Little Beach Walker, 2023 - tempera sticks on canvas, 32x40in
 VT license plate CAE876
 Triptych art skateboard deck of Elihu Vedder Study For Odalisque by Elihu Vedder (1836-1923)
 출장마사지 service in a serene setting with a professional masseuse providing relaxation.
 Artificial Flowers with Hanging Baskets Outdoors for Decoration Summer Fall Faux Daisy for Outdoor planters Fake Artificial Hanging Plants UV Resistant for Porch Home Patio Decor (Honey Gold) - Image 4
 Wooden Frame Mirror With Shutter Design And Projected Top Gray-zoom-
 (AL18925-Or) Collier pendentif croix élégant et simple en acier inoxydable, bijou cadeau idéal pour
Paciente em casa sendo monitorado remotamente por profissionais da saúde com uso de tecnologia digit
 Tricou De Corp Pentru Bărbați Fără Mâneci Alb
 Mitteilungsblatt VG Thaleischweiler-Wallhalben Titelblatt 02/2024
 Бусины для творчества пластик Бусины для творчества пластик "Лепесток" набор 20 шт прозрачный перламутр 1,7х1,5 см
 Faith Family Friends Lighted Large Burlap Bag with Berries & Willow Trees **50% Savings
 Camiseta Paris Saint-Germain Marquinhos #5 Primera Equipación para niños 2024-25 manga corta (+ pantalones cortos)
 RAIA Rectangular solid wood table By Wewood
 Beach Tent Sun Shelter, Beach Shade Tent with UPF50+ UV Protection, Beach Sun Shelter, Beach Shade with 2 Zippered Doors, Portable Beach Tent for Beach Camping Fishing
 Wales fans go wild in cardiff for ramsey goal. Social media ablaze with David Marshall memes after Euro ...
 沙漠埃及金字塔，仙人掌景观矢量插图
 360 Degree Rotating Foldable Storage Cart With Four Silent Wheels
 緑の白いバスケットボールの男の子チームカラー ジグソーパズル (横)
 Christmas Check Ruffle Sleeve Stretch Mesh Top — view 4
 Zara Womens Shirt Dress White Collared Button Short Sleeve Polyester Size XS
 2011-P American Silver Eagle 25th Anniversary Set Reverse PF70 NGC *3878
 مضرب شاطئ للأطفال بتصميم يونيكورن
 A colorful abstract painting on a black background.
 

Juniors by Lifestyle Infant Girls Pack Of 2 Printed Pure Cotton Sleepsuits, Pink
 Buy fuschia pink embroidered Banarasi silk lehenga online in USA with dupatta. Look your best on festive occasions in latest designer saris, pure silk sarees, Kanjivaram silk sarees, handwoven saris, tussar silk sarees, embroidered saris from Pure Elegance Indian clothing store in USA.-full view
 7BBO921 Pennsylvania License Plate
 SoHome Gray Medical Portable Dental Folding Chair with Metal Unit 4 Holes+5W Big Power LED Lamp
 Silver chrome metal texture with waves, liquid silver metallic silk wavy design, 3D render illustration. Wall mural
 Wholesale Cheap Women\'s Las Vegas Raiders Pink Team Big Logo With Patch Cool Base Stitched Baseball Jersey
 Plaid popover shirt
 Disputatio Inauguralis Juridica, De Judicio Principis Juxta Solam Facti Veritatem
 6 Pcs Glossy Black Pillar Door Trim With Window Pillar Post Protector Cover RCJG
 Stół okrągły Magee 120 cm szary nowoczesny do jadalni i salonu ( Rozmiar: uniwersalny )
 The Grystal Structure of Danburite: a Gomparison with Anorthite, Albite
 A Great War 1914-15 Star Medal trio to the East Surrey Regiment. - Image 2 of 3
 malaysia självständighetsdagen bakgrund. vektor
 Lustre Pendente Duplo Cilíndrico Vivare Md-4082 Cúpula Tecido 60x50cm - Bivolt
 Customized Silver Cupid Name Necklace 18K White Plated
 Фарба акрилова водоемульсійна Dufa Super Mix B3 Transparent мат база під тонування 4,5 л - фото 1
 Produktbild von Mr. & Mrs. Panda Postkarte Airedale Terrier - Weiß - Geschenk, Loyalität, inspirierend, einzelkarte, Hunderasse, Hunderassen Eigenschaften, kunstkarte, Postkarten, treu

[Your objective]: Down to the last line, give the records again exactly.

[Finished exercise]:
Little Beach Walker, 2023 - tempera sticks on canvas, 32x40in
 VT license plate CAE876
 Triptych art skateboard deck of Elihu Vedder Study For Odalisque by Elihu Vedder (1836-1923)
 출장마사지 service in a serene setting with a professional masseuse providing relaxation.
 Artificial Flowers with Hanging Baskets Outdoors for Decoration Summer Fall Faux Daisy for Outdoor planters Fake Artificial Hanging Plants UV Resistant for Porch Home Patio Decor (Honey Gold) - Image 4
 Wooden Frame Mirror With Shutter Design And Projected Top Gray-zoom-
 (AL18925-Or) Collier pendentif croix élégant et simple en acier inoxydable, bijou cadeau idéal pour
Paciente em casa sendo monitorado remotamente por profissionais da saúde com uso de tecnologia digit
 Tricou De Corp Pentru Bărbați Fără Mâneci Alb
 Mitteilungsblatt VG Thaleischweiler-Wallhalben Titelblatt 02/2024
 Бусины для творчества пластик Бусины для творчества пластик "Лепесток" набор 20 шт прозрачный перламутр 1,7х1,5 см
 Faith Family Friends Lighted Large Burlap Bag with Berries & Willow Trees **50% Savings
 Camiseta Paris Saint-Germain Marquinhos #5 Primera Equipación para niños 2024-25 manga corta (+ pantalones cortos)
 RAIA Rectangular solid wood table By Wewood
 Beach Tent Sun Shelter, Beach Shade Tent with UPF50+ UV Protection, Beach Sun Shelter, Beach Shade with 2 Zippered Doors, Portable Beach Tent for Beach Camping Fishing
 Wales fans go wild in cardiff for ramsey goal. Social media ablaze with David Marshall memes after Euro ...
 沙漠埃及金字塔，仙人掌景观矢量插图
 360 Degree Rotating Foldable Storage Cart With Four Silent Wheels
 緑の白いバスケットボールの男の子チームカラー ジグソーパズル (横)
 Christmas Check Ruffle Sleeve Stretch Mesh Top — view 4
 Zara Womens Shirt Dress White Collared Button Short Sleeve Polyester Size XS
 2011-P American Silver Eagle 25th Anniversary Set Reverse PF70 NGC *3878
 مضرب شاطئ للأطفال بتصميم يونيكورن
 A colorful abstract painting on a black background.
 

Juniors by Lifestyle Infant Girls Pack Of 2 Printed Pure Cotton Sleepsuits, Pink
 Buy fuschia pink embroidered Banarasi silk lehenga online in USA with dupatta. Look your best on festive occasions in latest designer saris, pure silk sarees, Kanjivaram silk sarees, handwoven saris, tussar silk sarees, embroidered saris from Pure Elegance Indian clothing store in USA.-full view
 7BBO921 Pennsylvania License Plate
 SoHome Gray Medical Portable Dental Folding Chair with Metal Unit 4 Holes+5W Big Power LED Lamp
 Silver chrome metal texture with waves, liquid silver metallic silk wavy design, 3D render illustration. Wall mural
 Wholesale Cheap Women\'s Las Vegas Raiders Pink Team Big Logo With Patch Cool Base Stitched Baseball Jersey
 Plaid popover shirt
 Disputatio Inauguralis Juridica, De Judicio Principis Juxta Solam Facti Veritatem
 6 Pcs Glossy Black Pillar Door Trim With Window Pillar Post Protector Cover RCJG
 Stół okrągły Magee 120 cm szary nowoczesny do jadalni i salonu ( Rozmiar: uniwersalny )
 The Grystal Structure of Danburite: a Gomparison with Anorthite, Albite
 A Great War 1914-15 Star Medal trio to the East Surrey Regiment. - Image 2 of 3
 malaysia självständighetsdagen bakgrund. vektor
 Lustre Pendente Duplo Cilíndrico Vivare Md-4082 Cúpula Tecido 60x50cm - Bivolt
 Customized Silver Cupid Name Necklace 18K White Plated
 Фарба акрилова водоемульсійна Dufa Super Mix B3 Transparent мат база під тонування 4,5 л - фото 1
 Produktbild von Mr. & Mrs. Panda Postkarte Airedale Terrier - Weiß - Geschenk, Loyalität, inspirierend, einzelkarte, Hunderasse, Hunderassen Eigenschaften, kunstkarte, Postkarten, treu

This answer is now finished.